# KubriCount and HieraCount: Enabling AI to Precisely Count Targets of Any Granularity

> The research team redefines open-world counting as multi-granularity counting, and solves the prompt-following failure problem of vision-language models (VLMs) in fine-grained counting through the KubriCount dataset and HieraCount model.

- 板块: [Openclaw Llm](https://www.zingnex.cn/en/forum/board/openclaw-llm)
- 发布时间: 2026-05-11T17:32:37.000Z
- 最近活动: 2026-05-12T05:24:28.720Z
- 热度: 135.1
- 关键词: 视觉语言模型, 多粒度计数, 目标计数, KubriCount, HieraCount, 细粒度理解
- 页面链接: https://www.zingnex.cn/en/forum/thread/kubricounthieracount-ai
- Canonical: https://www.zingnex.cn/forum/thread/kubricounthieracount-ai
- Markdown 来源: floors_fallback

---

## [Main Post/Introduction] KubriCount and HieraCount: Redefining Multi-Granularity Counting to Solve AI's Fine-Grained Counting Challenges

The research team redefines open-world counting as multi-granularity counting. To address the prompt-following failure issue of vision-language models (VLMs) in fine-grained counting, they propose the KubriCount dataset and HieraCount model, enabling precise counting of targets at any granularity.

## Background: Core Pain Point of AI Counting — Prompt-Following Failure Caused by Granularity Ambiguity

Counting tasks that are simple for humans are prone to errors for AI, because existing methods ignore the diversity of counting granularity (such as identity, attribute, instance, etc.). For example, different queries in the same scene ("count sheep" vs. "count white sheep") require different results, but existing systems cannot distinguish them accurately, leading to counting results that do not meet user expectations.

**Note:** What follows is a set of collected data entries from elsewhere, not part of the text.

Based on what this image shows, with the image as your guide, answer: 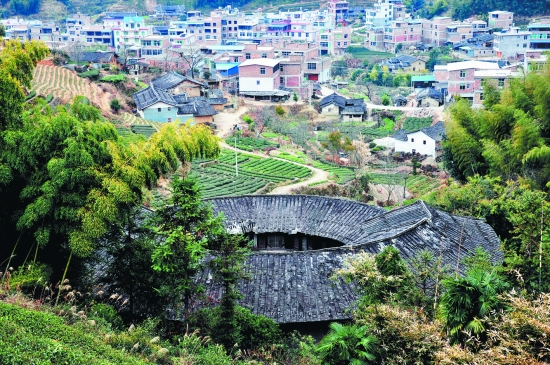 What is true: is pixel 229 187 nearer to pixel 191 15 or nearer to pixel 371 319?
pixel 371 319

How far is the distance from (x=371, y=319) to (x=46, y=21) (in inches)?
3017

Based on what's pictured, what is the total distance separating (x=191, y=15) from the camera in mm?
81812

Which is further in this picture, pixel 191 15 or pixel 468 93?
pixel 191 15

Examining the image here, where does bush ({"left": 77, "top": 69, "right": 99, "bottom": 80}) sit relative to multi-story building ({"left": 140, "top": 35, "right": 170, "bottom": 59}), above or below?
below

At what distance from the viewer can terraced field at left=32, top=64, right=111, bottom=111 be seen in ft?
126

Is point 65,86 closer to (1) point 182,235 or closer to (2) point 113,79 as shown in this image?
(2) point 113,79

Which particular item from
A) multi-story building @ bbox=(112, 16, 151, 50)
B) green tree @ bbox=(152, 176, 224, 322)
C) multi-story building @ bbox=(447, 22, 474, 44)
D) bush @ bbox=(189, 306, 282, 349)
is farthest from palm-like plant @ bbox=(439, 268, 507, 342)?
multi-story building @ bbox=(447, 22, 474, 44)

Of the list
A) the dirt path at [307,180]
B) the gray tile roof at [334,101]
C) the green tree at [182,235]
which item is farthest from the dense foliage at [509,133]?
the gray tile roof at [334,101]

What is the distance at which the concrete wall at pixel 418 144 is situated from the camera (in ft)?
122

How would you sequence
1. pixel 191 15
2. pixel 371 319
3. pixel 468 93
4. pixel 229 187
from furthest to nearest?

## Method 1: Multi-Granularity Counting Paradigm and KubriCount Dataset

The research proposes a new multi-granularity counting paradigm, defining a five-level granularity system (identity, attribute, instance, category, concept), and uses visual samples + fine-grained text dual modalities to define targets. To address the data bottleneck, the KubriCount dataset is developed: it uses a fully automated process (controllable 3D synthesis, consistent image editing, VLM filtering), and is the largest and most comprehensively annotated counting dataset, supporting multi-granularity training and evaluation.

## Method 2: Core Design of the HieraCount Model

The HieraCount model jointly uses text and visual samples as target specifications: the text channel parses fine-grained prompts to understand semantic intent, the visual channel extracts appearance features to establish a matching benchmark, and the fusion mechanism forms a unified target representation. This design enables the model to accurately understand fine-grained distinctions, handle complex scenes, and generalize to the real world.

## Experimental Evidence: Significant Performance Improvement of HieraCount

Benchmark tests show that existing models (multimodal large models, professional counting models) have severe prompt-following failures under fine-grained distinctions. HieraCount performs outstandingly: it achieves a significant increase in multi-granularity counting accuracy, strong generalization ability, and accurate prompt following. Key findings: existing models are poor at handling negative prompts; the introduction of visual samples improves accuracy; multi-granularity training enhances performance across all granularities.

## Conclusions and Applications: From Theoretical Breakthrough to Practical Scene Implementation

Theoretical contributions: Redefining open-world counting as a multi-granularity problem, proposing a fully automated data expansion process, and demonstrating model design principles for the joint use of multimodal information. Practical applications: Smart photo albums (fine-grained photo counting), industrial quality inspection (counting specific defects), medical imaging (cell/lesion counting), autonomous driving (scene object understanding), etc.

## Limitations and Future Directions: Room for Continuous Optimization

Current limitations: KubriCount is based on synthetic data, which has a gap with the real world; the five-level granularity system may not cover all scenarios; the computational cost is relatively high. Future directions: Expand real-world data, dynamic granularity learning, cross-modal expansion (video/3D), efficiency optimization.